- Description of the task
Please copy exactly the part of the records below that opens with the line containing "麻豆行业洞察全流程教学" and closes with the line containing "Ducks bird graphics", leaving out any pictures.

══ Material for this task ══

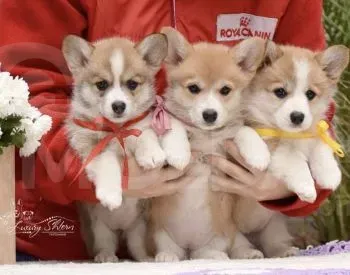 Ველშ კორფ პემბროკი თბილისი - photo 2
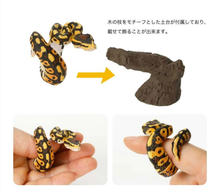 Load image into Gallery viewer, (Gashapon) Bandai - The Diversity Of Life On Earth Yubimaki Collection Armadillo Girdled Lizard & Ball Python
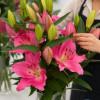 Imax - Oriental Hybrid Lilies Thumbnail #1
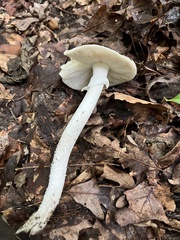 Amanita submaculata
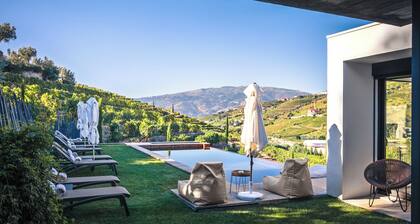 The gateway to the magnificent Douro Valley. High-value wine tourism!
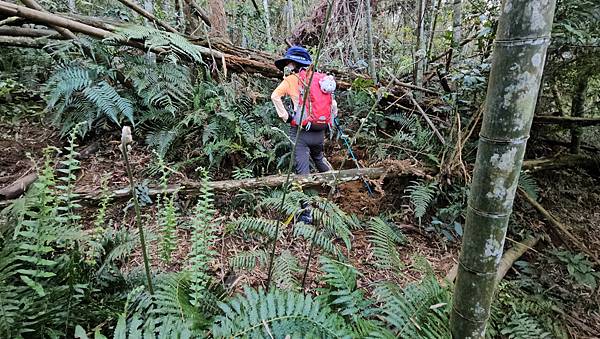 【水社大山】北陵線登山口，白石土地公O繞，挑戰日月潭最高峰-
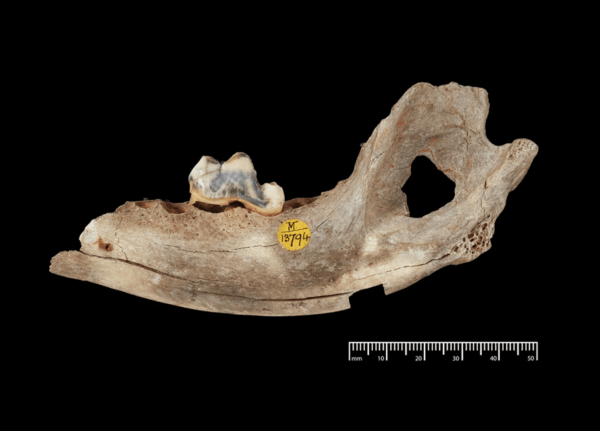 O παλαιότερος σκύλος στον κόσμο έζησε πριν από 16.000 χρόνια στην Τουρκία 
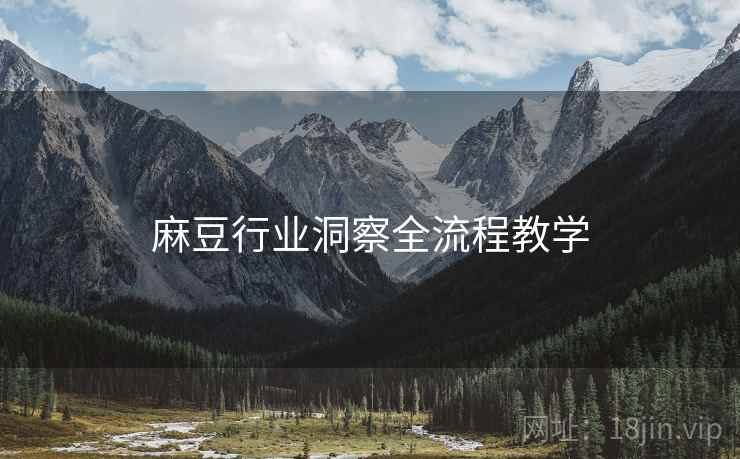 麻豆行业洞察全流程教学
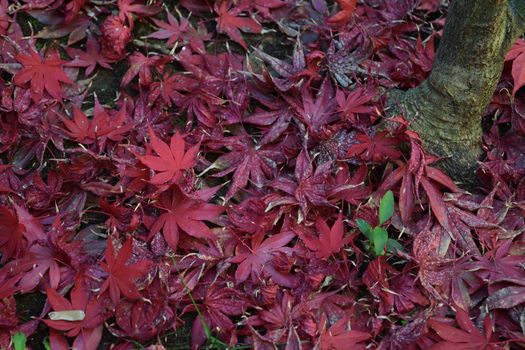 Closeup of Japanese maple leaves with classic fall colors falling to the ground.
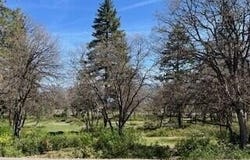 Coopers Hawk Road, Klamath Falls, OR 97601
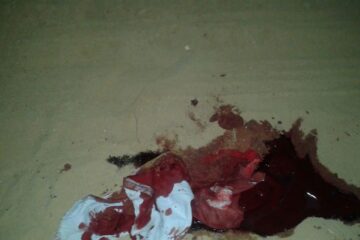 Imagem/Carinhanha Notícias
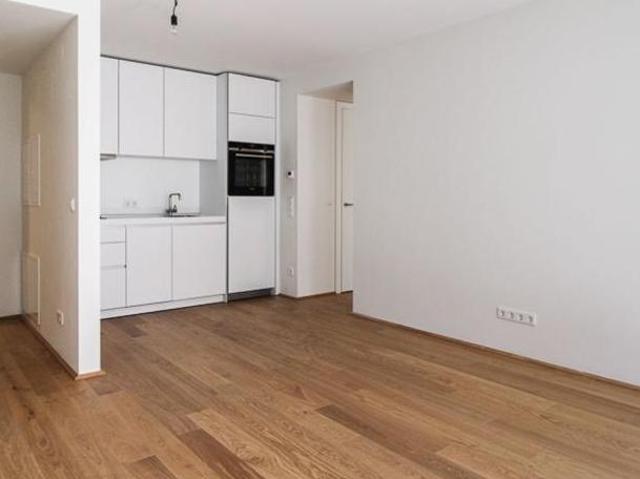 Wohnung mieten in Innere Stadt, Wien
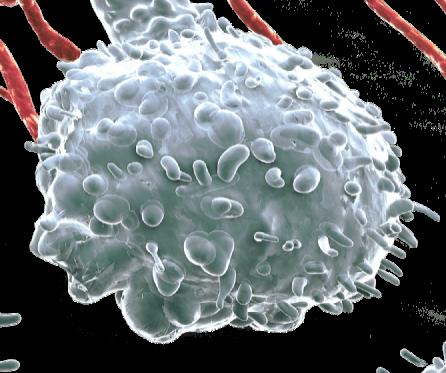 Avacta s Immuno-oncology Strategy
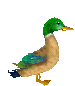Ducks bird graphics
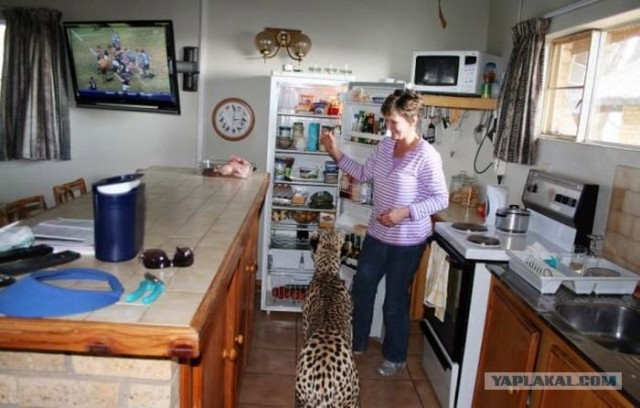 Домашний гепард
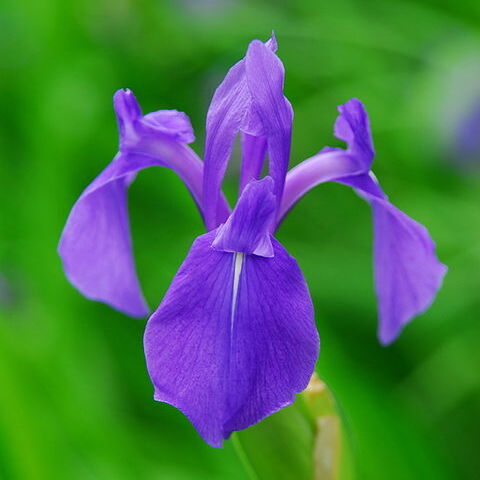 Iris laevigata unspecified picture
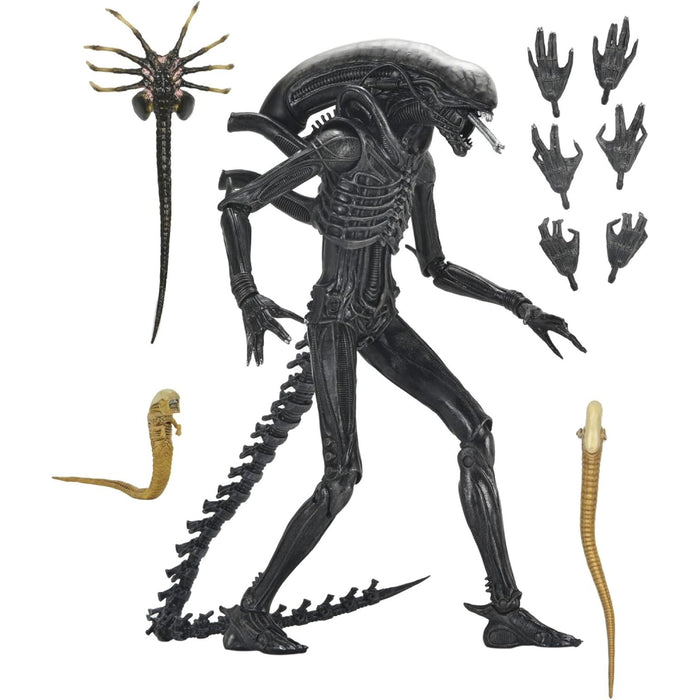 Figurina Articulata Alien Romulus - Ultimate Xenomorph XX121 18 cm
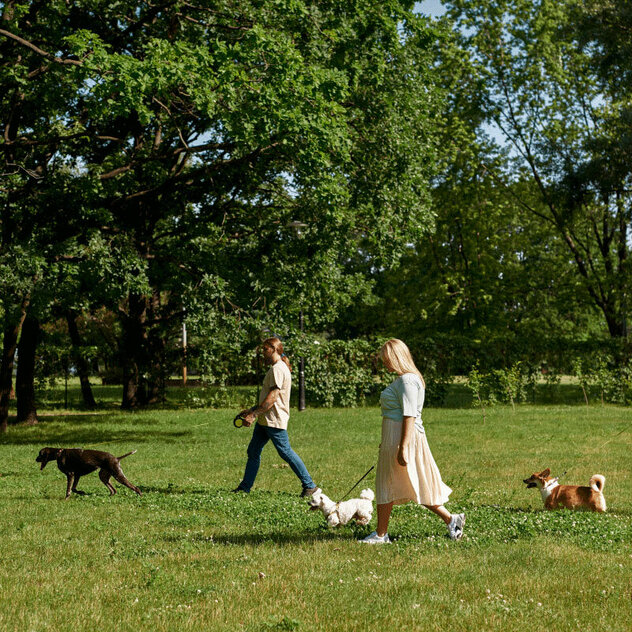 Mehrere Hunde gehen mit ihren Haltern eine Wiese entlang.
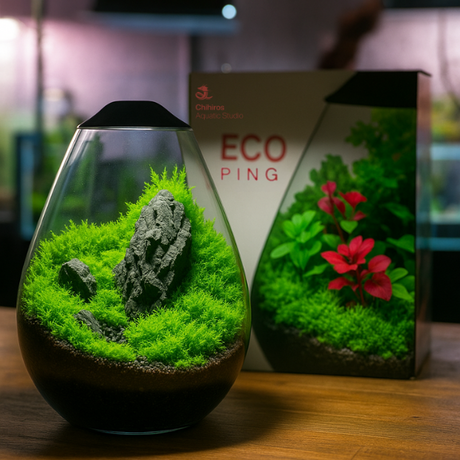 כלי זכוכית מקצועי להכנת טרריום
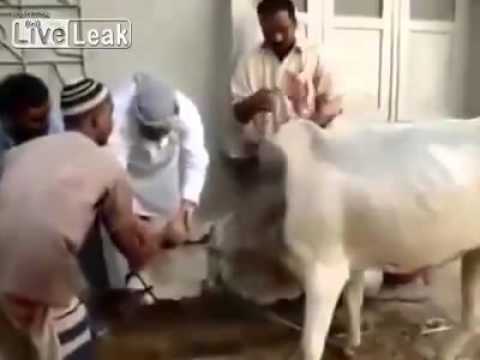 بقرة تعصف بأربعة رجال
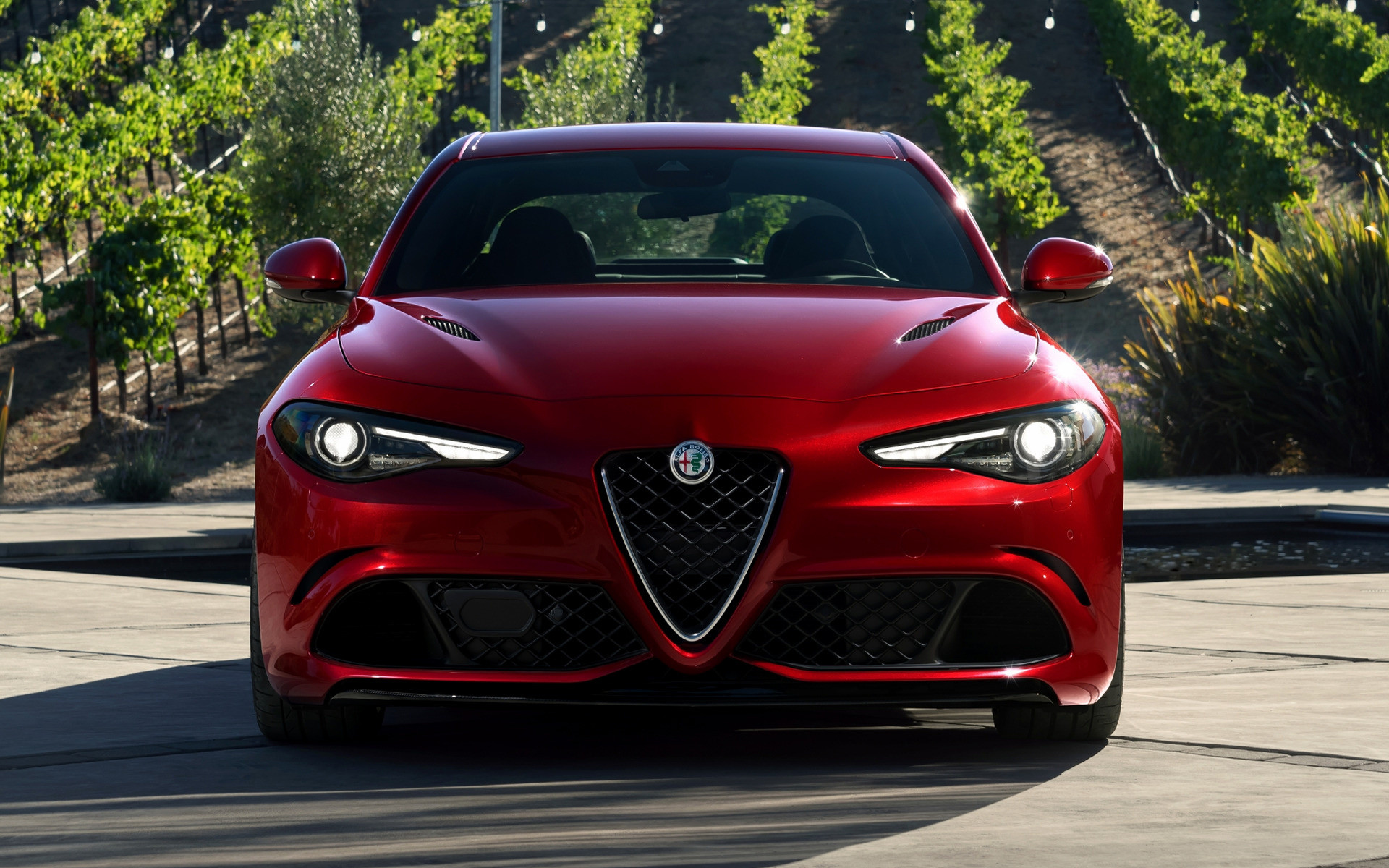 Alfa Romeo Giulia Quadrifoglio, Rosso, Vigneto, Vista frontale, 1920x1200, sfondo MacBook Pro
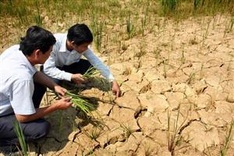 El Nino weather patterns to be harsh through early 2016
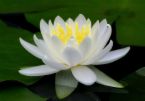 white Lotus - Beautiful Lotus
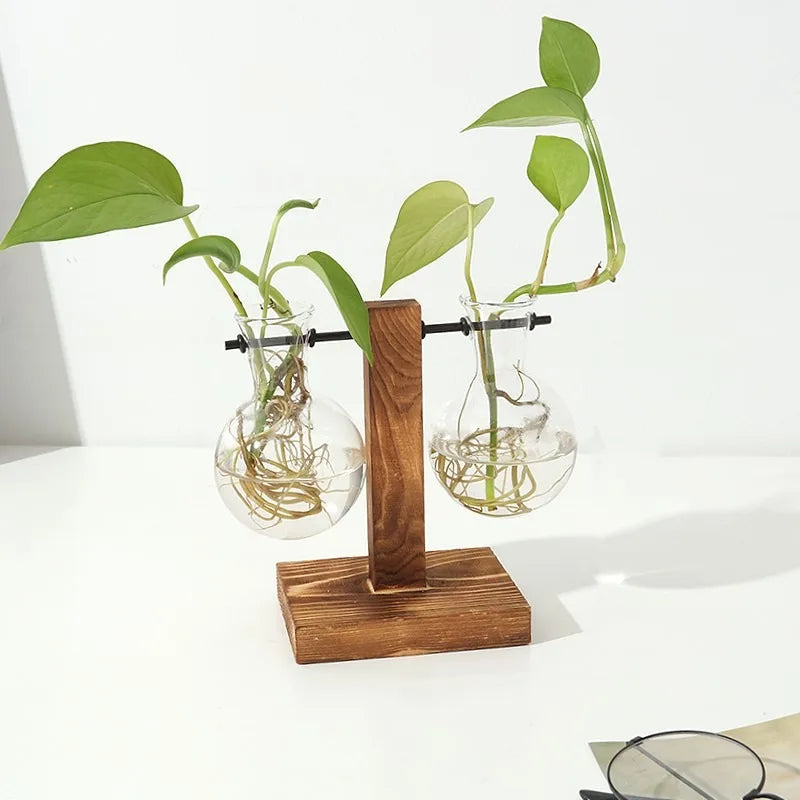 Wooden Frame Hydroponic Vase Transparent Glass Plant Pot For Home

═══

- Your response
 麻豆行业洞察全流程教学
 Closeup of Japanese maple leaves with classic fall colors falling to the ground.
 Coopers Hawk Road, Klamath Falls, OR 97601
 Imagem/Carinhanha Notícias
 Wohnung mieten in Innere Stadt, Wien
 Avacta s Immuno-oncology Strategy
Ducks bird graphics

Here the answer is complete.